See also Kipling’s “The Holy War”
The poem
Daniel Hadas notes: that this poem does not represent Kipling’s own view. Rather, it’s meant to articulate a stepping-stone in the creation of the dystopian technocracy Kipling imagines in ‘As Easy as ABC’. This also sheds some light on the title; MacDonough is clearly imagined as some ideologue of the In-Between Times. As for the choice of name, I wonder if this could be a humorous reference to the American writer Glen MacDonough [D.H.]
Notes on the Text
[Verse 1] schoolmen: in this context usually taken to be the teachers of religion in medieval universities.

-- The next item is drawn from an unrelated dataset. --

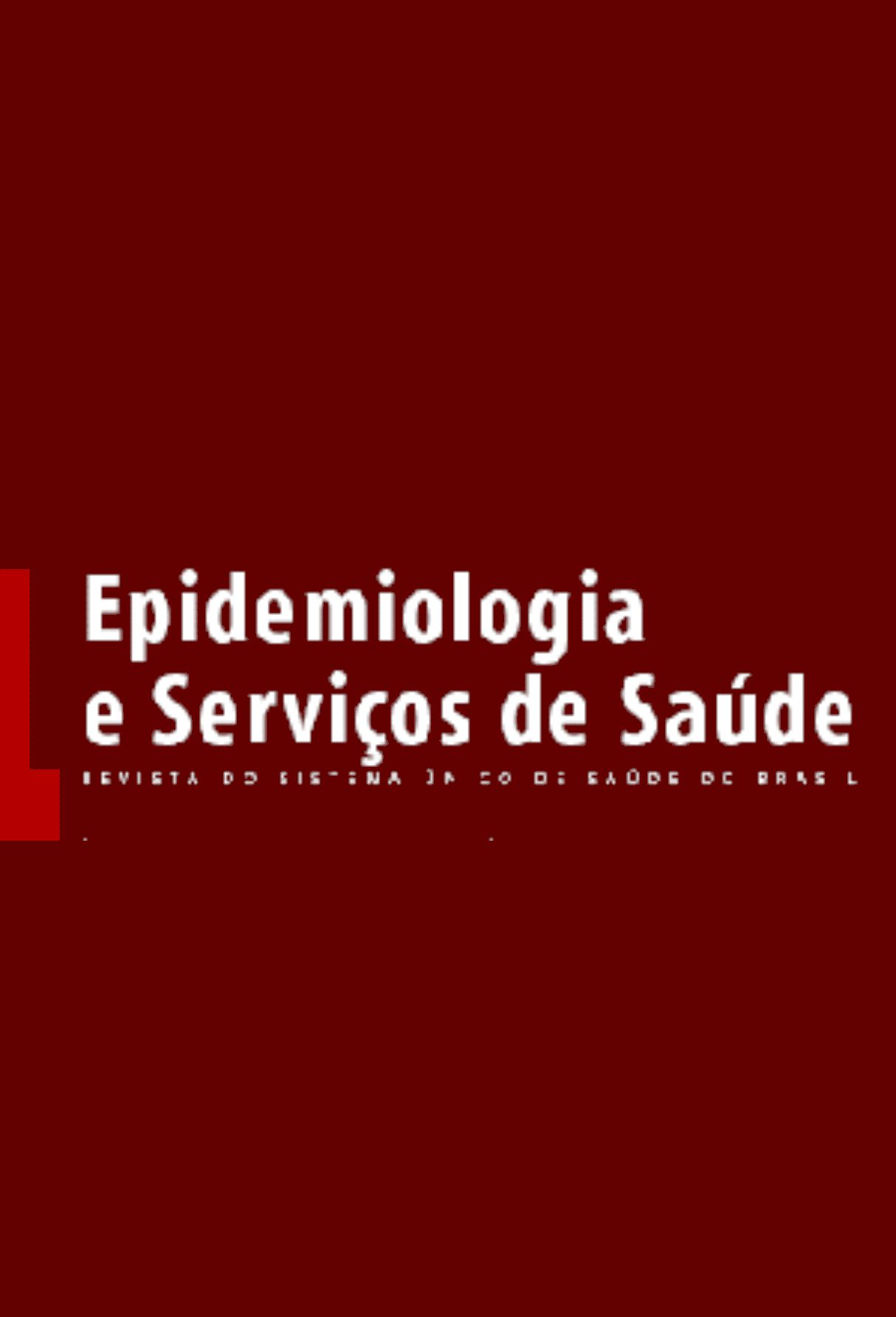 Capa: Epidemiologia e Serviços de Saúde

loose and bind In Heaven as well as on Earth: See Matthew 16.19
whatsoever thou shalt bind on earth shall be bound in heaven: and whatsoever thou shalt loose on earth shall be loosed in heaven.

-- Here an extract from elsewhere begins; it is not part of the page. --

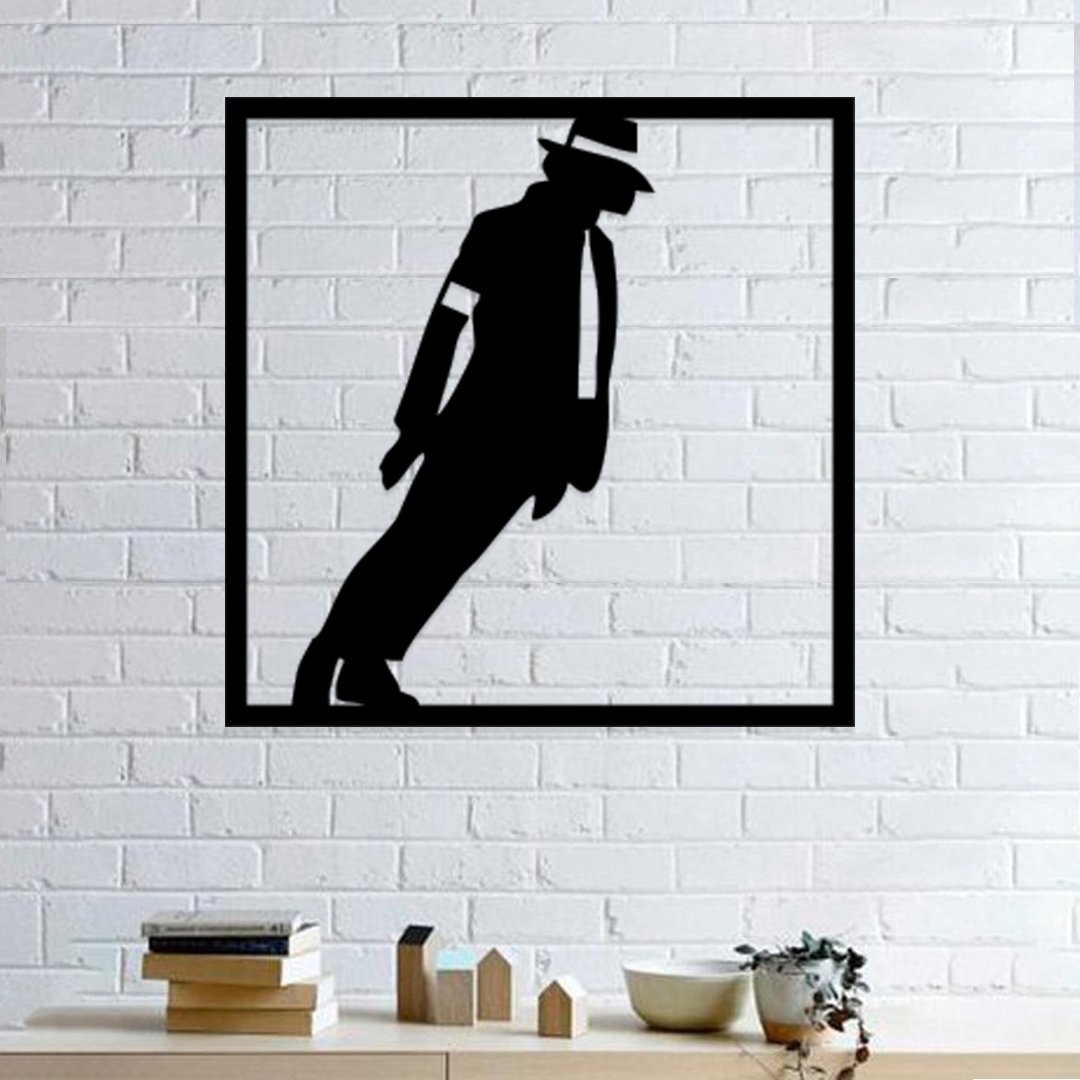 استیکر و پوستر  مایکل جکسون کد 308 سایز 30 در 30 به قیمت 140 هزار تومان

This is a key text in late medieval debates on the relative powers of Church and State, debates that were carried out precisely by “schoolmen” such as Marsilius of Padua. [D.H.]
Holy State … Holy War: refers to the various wars, both civil and international, over the years between people of different religions or churches and sects within them.
[Verse 3] Saying – after – me: an echo of “The Order for Morning Prayer” and “… Evening Prayer” in the Church of England, where the Priest leads the congregation in the General Confession.
[Verse 4]
Terror gave it birth: This echoes the famous Latin formula “primus in orbe deos fecit timor” (“fear first created gods on earth”), which is found in Petronius, poem 28, and Statius, Thebaid 3.611. Switching god and people here matches one of the themes of the poem, which is that both, if perceived as sacred or transcendent, are equally dangerous. [D.H.]